During Thanksgiving break I traveled to be with family, as I’m sure a good portion of students at the U and elsewhere did. As I witnessed, and am now trying to forget, students were far from the only people traveling.
Flying is always a nightmare during the holidays. I am always picked out of the line to be searched, airlines can never find my luggage and I get extremely airsick (yummy, I know). Why does something as simple as getting from point A to point B always turn into such a complicated mess?
With the stress of flying, the pressure of finals fast approaching and the anxiety of spending a week with family, I wondered if there was an alternative to flying that would give me time to study and regroup after a stressful week.
As a service to humanity, I took it upon myself to find a different, and perhaps forgotten, way of travel for college students and travelers everywhere.
Just to make sure I was not giving air travel an unfair assessment, I decided to depart via airplane. Luckily and surprisingly enough, the flight to my destination was relatively uneventful — I didn’t even get pulled out of the security line.
The trek home, however, was an entirely different story.
In an effort to miss the rush at the airports and find a more relaxing way to travel (“travel” and “relaxing” — two words that should never go together without the word “not” somewhere in between), I decided to take the train home. I have never been on a train before (except the Heber Creeper and the one that takes you around to the sad animals at Lagoon), so I figured it would be an experience. Although more time-intensive, the train is quite a bit cheaper. I got up bright and early to board my train — which was going to take twice the time of driving and almost fourteen times longer than a flight — and thought to myself, “Hey, it’ll be a whole day of nothing — I’ll be able to get loads of work finished.”

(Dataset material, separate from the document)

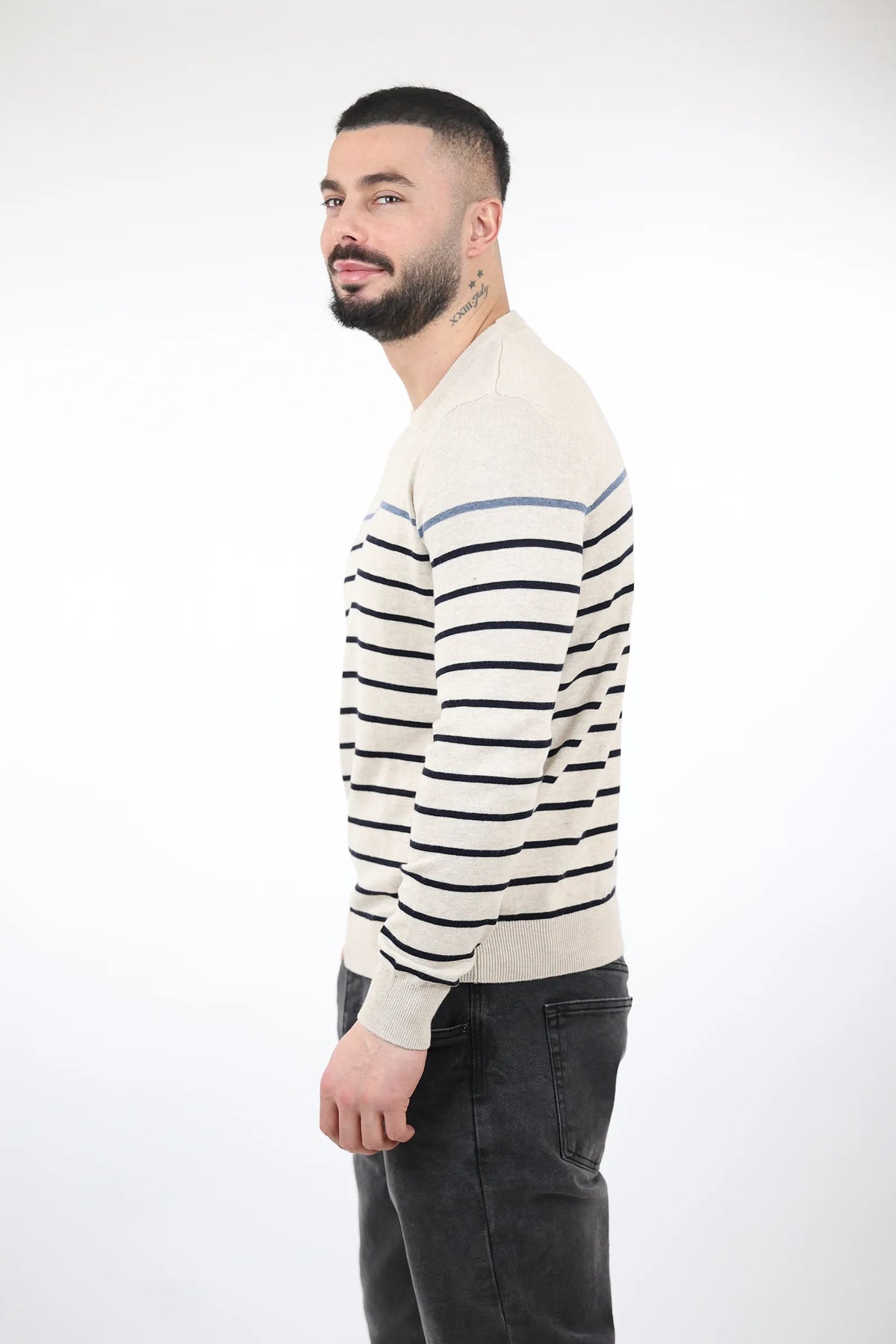Xhemper fit striped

Well, my train got delayed. Initially I was assured it was only going to be two hours, but after I woke up from my hour nap on a hard wooden bench in the train station, the delay went from two, to four and then quickly to eight hours behind schedule. No bad weather, no missing passengers, just a train derailed right in front of my (now nonexistent) train of relaxation.
Now, just like everyone else in the country, I needed to find a flight that would get me home for school, work and everything else that would resume early on Monday. I had the added pressure of doing it last minute. I also had the thought looming in the back of my mind that if I just would have sucked it up and booked a flight home originally, I wouldn’t have to be doing any of this.
I found a flight and had to rush to the airport at lightning speed because it was the only available flight before Monday that wouldn’t cost me upward of $500. Since my ticket wasn’t booked in advance, I was put on the search list for my good friends in the Transportation Security Administration, but eventually made it to my aircraft just before it was scheduled to pull away from the gate. (I was also a less-than-punctual traveler because of a necessary stop at an airport bar.)
Taking an alternative means of travel really isn’t worth the time or stress. With the end-of-semester travel period looming, please, save your sanity. Either stay home over the break or use the ever-stressful but reliable air travel. It might be expensive, but you’ll save yourself a load of time — and, in my experience, a headache.